**What to do:** Leave out the pictures and retype everything else in the records below exactly.
···
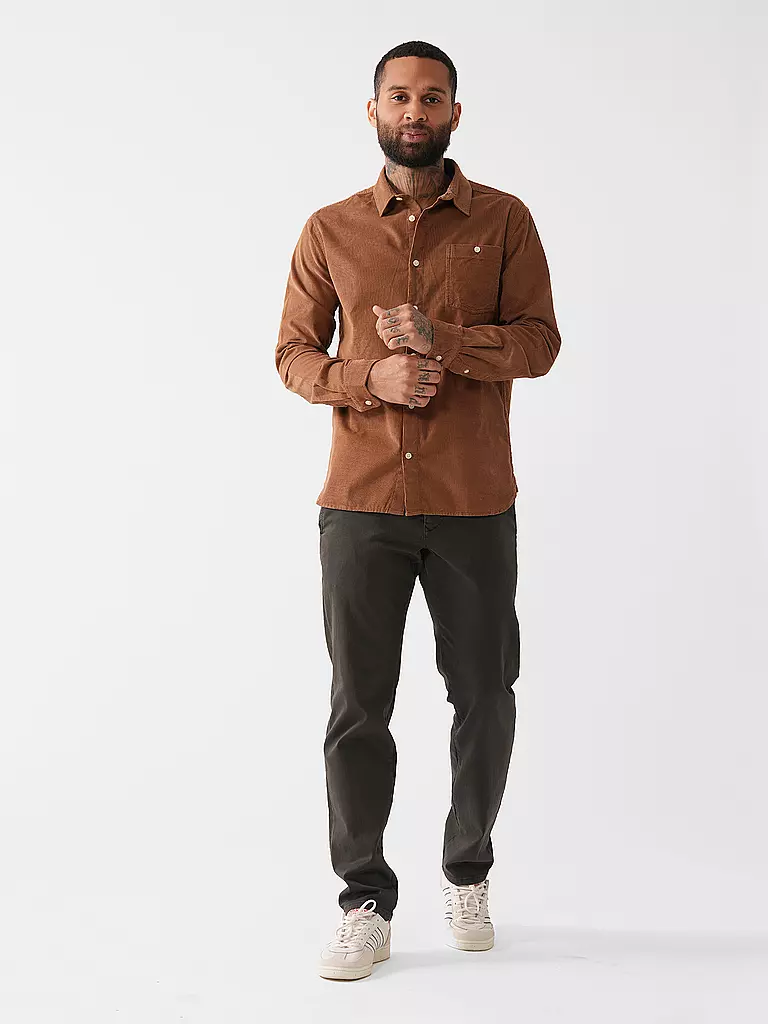 KNOWLEDGE COTTON APPAREL | Camicia Regular Fit | Cammello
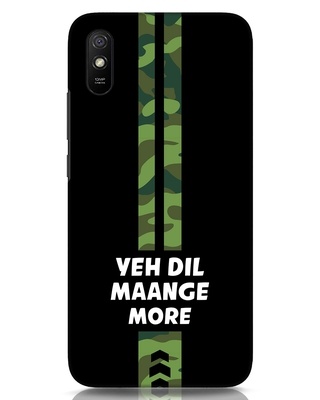Shop Dil Maange More Designer Hard Cover for Xiaomi Redmi 9A-Front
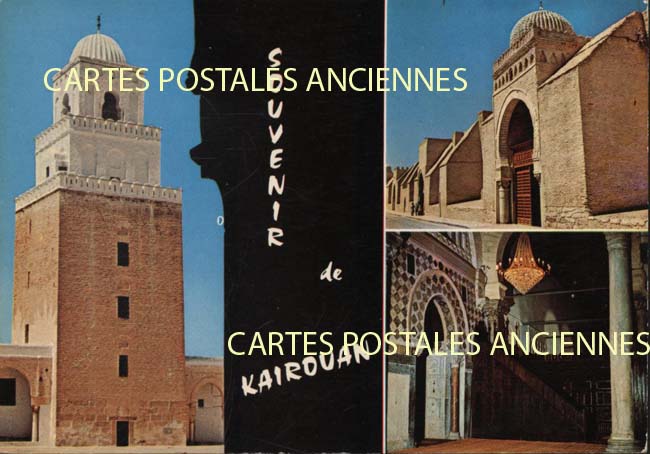 Cartes postales anciennes > CARTES POSTALES > carte postale ancienne > cartes-postales-ancienne.com Tunisie Kairouan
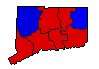 2018 Connecticut County Map of General Election Results for Comptroller General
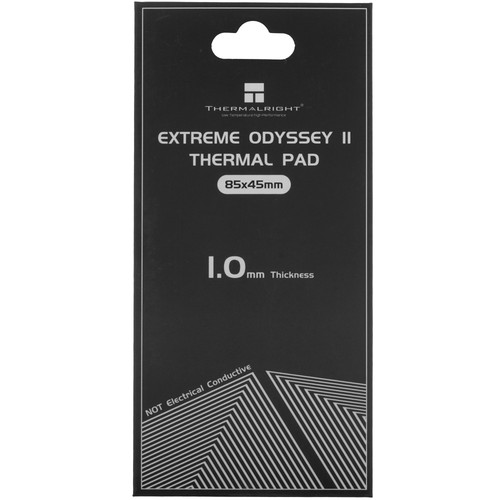 Купить Термопрокладка  Thermalright Extreme Odyssey II [ODYSSEY-II-85X45-1.0] в интернет-магазине DNS. Характеристики, цена Thermalright Extreme Odyssey II | 5615488.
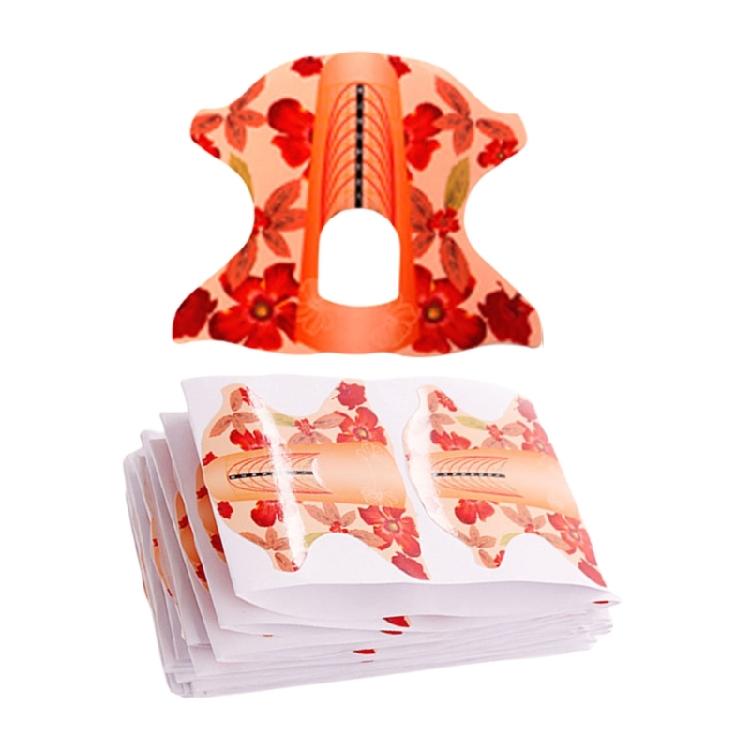 100 Pieces Nail Sculpting Forms With Strong Adhesive Nail Extension Accessory For Seamless Application At Home Or Salon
···
**Answer to the problem:**
 KNOWLEDGE COTTON APPAREL | Camicia Regular Fit | Cammello
Shop Dil Maange More Designer Hard Cover for Xiaomi Redmi 9A-Front
 Cartes postales anciennes > CARTES POSTALES > carte postale ancienne > cartes-postales-ancienne.com Tunisie Kairouan
 2018 Connecticut County Map of General Election Results for Comptroller General
 Купить Термопрокладка  Thermalright Extreme Odyssey II [ODYSSEY-II-85X45-1.0] в интернет-магазине DNS. Характеристики, цена Thermalright Extreme Odyssey II | 5615488.
 100 Pieces Nail Sculpting Forms With Strong Adhesive Nail Extension Accessory For Seamless Application At Home Or Salon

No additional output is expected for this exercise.